Assentamento “15 de Abril” vai usar terras com dívidas com a União
O assentamento vai receber um terreno com dívidas pendentes em Campos dos Goytacazes. O espaço terá 1,5 mil hectares e vai ser usado por 150 famílias de trabalhadores rurais.
Lindbergh Farias e Marina do MST anunciam destinação das fazendas São Cristóvão e Maruí Almada
O anúncio foi feito pelo deputado federal Lindbergh Farias (PT) e pela deputada estadual do Rio Marina do MST (PT).
As propriedades usadas pertenciam ao Grupo Othon, que tem dívidas de R$ 700 milhões com a União. A transferência ocorre por meio de adjudicação, que abate a dívida do proprietário em troca da entrega do imóvel, e vai usar as fazendas São Cristóvão e Maruí Almada.

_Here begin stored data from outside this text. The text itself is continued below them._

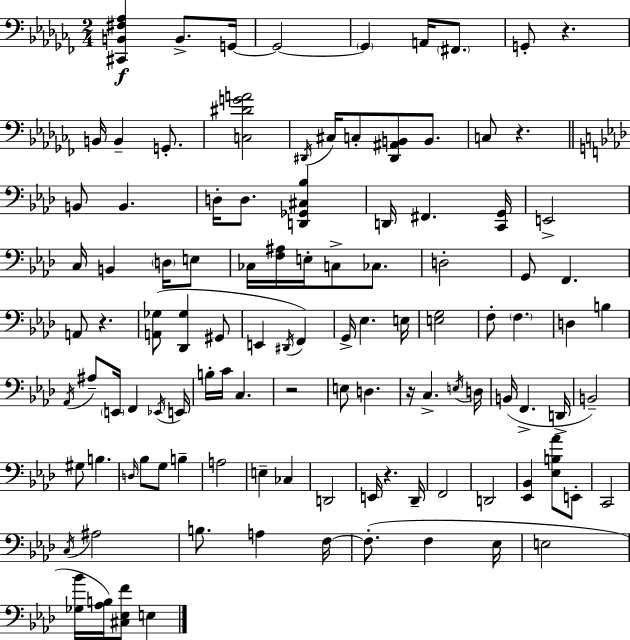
[C#2,B2,F#3,Ab3]/q B2/e. G2/s G2/h G2/q A2/s F#2/e. G2/e R/q. B2/s B2/q G2/e. [C3,D#4,G4,A4]/h D#2/s C#3/s C3/e [D#2,A#2,B2]/e B2/e. C3/e R/q. B2/e B2/q. D3/s D3/e. [D2,Gb2,C#3,Bb3]/q D2/s F#2/q. [C2,G2]/s E2/h C3/s B2/q D3/s E3/e CES3/s [F3,A#3]/s E3/s C3/e CES3/e. D3/h G2/e F2/q. A2/e R/q. [A2,Gb3]/e [Db2,Gb3]/q G#2/e E2/q D#2/s F2/q G2/s Eb3/q. E3/s [E3,G3]/h F3/e F3/q. D3/q B3/q Ab2/s A#3/e E2/s F2/q Eb2/s E2/s B3/s C4/s C3/q. R/h E3/e D3/q. R/s C3/q. E3/s D3/s B2/s F2/q. D2/s B2/h G#3/e B3/q. D3/s Bb3/e G3/e B3/q A3/h E3/q CES3/q D2/h E2/s R/q. Db2/s F2/h D2/h [Eb2,Bb2]/q [Eb3,B3,Ab4]/e E2/e C2/h C3/s A#3/h B3/e. A3/q F3/s F3/e. F3/q Eb3/s E3/h [Gb3,Bb4]/s [Ab3,B3]/s [C#3,Eb3,F4]/e E3/q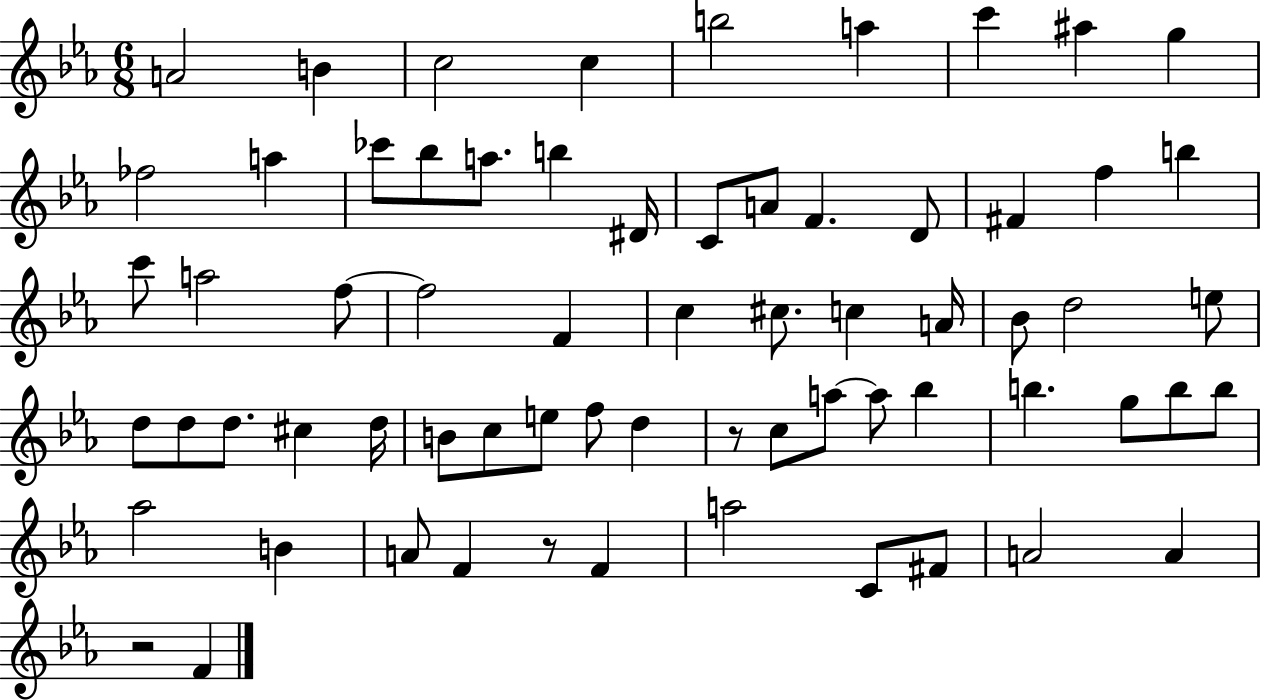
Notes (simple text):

A4/h B4/q C5/h C5/q B5/h A5/q C6/q A#5/q G5/q FES5/h A5/q CES6/e Bb5/e A5/e. B5/q D#4/s C4/e A4/e F4/q. D4/e F#4/q F5/q B5/q C6/e A5/h F5/e F5/h F4/q C5/q C#5/e. C5/q A4/s Bb4/e D5/h E5/e D5/e D5/e D5/e. C#5/q D5/s B4/e C5/e E5/e F5/e D5/q R/e C5/e A5/e A5/e Bb5/q B5/q. G5/e B5/e B5/e Ab5/h B4/q A4/e F4/q R/e F4/q A5/h C4/e F#4/e A4/h A4/q R/h F4/q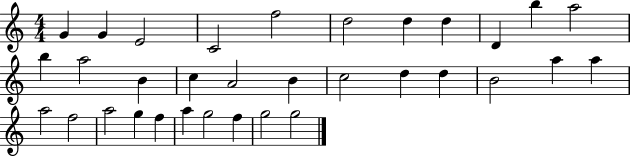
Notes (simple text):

G4/q G4/q E4/h C4/h F5/h D5/h D5/q D5/q D4/q B5/q A5/h B5/q A5/h B4/q C5/q A4/h B4/q C5/h D5/q D5/q B4/h A5/q A5/q A5/h F5/h A5/h G5/q F5/q A5/q G5/h F5/q G5/h G5/h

José Carlos, coordenador do MST em Campos dos Goytacazes, disse que o INCRA (Instituto Nacional de Colonização e Reforma Agrária) regulamenta a transição entre instituições sem precisar pagar por elas, já que o valor é descontado da dívida do proprietário.
Famílias do Acampamento 15 de Abril devem entrar no assentamento até o fim do ano
A medida atende famílias que hoje vivem no Acampamento 15 de Abril, montado às margens da BR-101. Ao todo, 376 ocupam o acampamento.
Marina do MST afirmou que, além das 150 famílias, o governo federal deve ampliar a área para abrigar mais pessoas até o fim do ano. Ela citou outro terreno disputado por movimentos populares locais, com as terras da Usina Sapucaia, que tem 2 mil hectares e capacidade para cerca de 200 famílias.